There are times I find myself impatiently, even nervously, Waiting for It. The inspiration, that is. I stare at my notes, at the client’s materials, at this pile of stuff, just waiting for the spark. And sometimes it’s slow in coming.

This can happen on my very first assignment with a new client, when that first impression is so crucial. For me, though, it’s more likely to be the seventh or eighth assignment, when I have said absolutely everything I can about their amazing product or service or patented process. When they change one detail, and expect a whole new animal.

So I have picked up a few tricks, fillers and time killers to occupy my brain and hopefully kick-start the creativity.

  • Change of scenery: Packing up and heading to the coffee shop, for a whole different set of distractions.
  • Shutting off the damn internet: sort of self-explanatory
  • Reading the job ticket: Sometimes I find a hidden morsel of previously overlooked info. “Oh, they want to SELL their product!

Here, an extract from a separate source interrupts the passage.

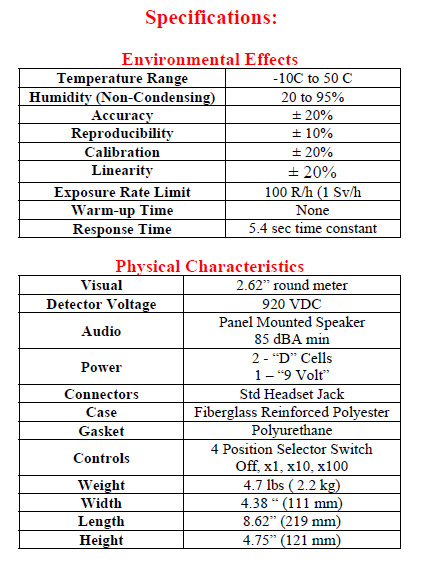  4009A Survey Meter Specifications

That makes more sense!”
  • Thesaurus.com: I use this one all the time, on practically every job. “Ah, to garrote is to strangle! Good to know!”
  • Etymology: Studying the origins of words. In high school (Blackboard Jungle High ’82) I took two years of Latin, as well as Latin and Greek etymology. I’m like the dad in Big Fat Greek Wedding: “You give me word, I tell you Greek root.”
  • Reading the materials yet again: the client’s collateral stuff like their website, brochures, news clippings, or PR materials.
  • Imprinting: I don’t know a better word for it but, in severe cases, I will prop up their collateral stuff and start re-typing it word for word. The idea is to get their words in my head. I read that author Alexandra Ripley, having won the dubious honor of penning the sequel to Gone With the Wind, first copied the original novel in its entirety…by hand. The result, “Scarlett,” blew chunks, but I still like the idea.

When all else fails, just write. This is something I had to learn when I first started writing professionally. I used to think that if it wasn’t perfect on the first draft…I don’t know…that they would see what a FRAUD I was! I have since learned that you just need to give them something to react to. It’s just a first draft! It’s not meant to be perfect.

Besides, in the act of critiquing the first draft they just might actually, finally, tell you what they want.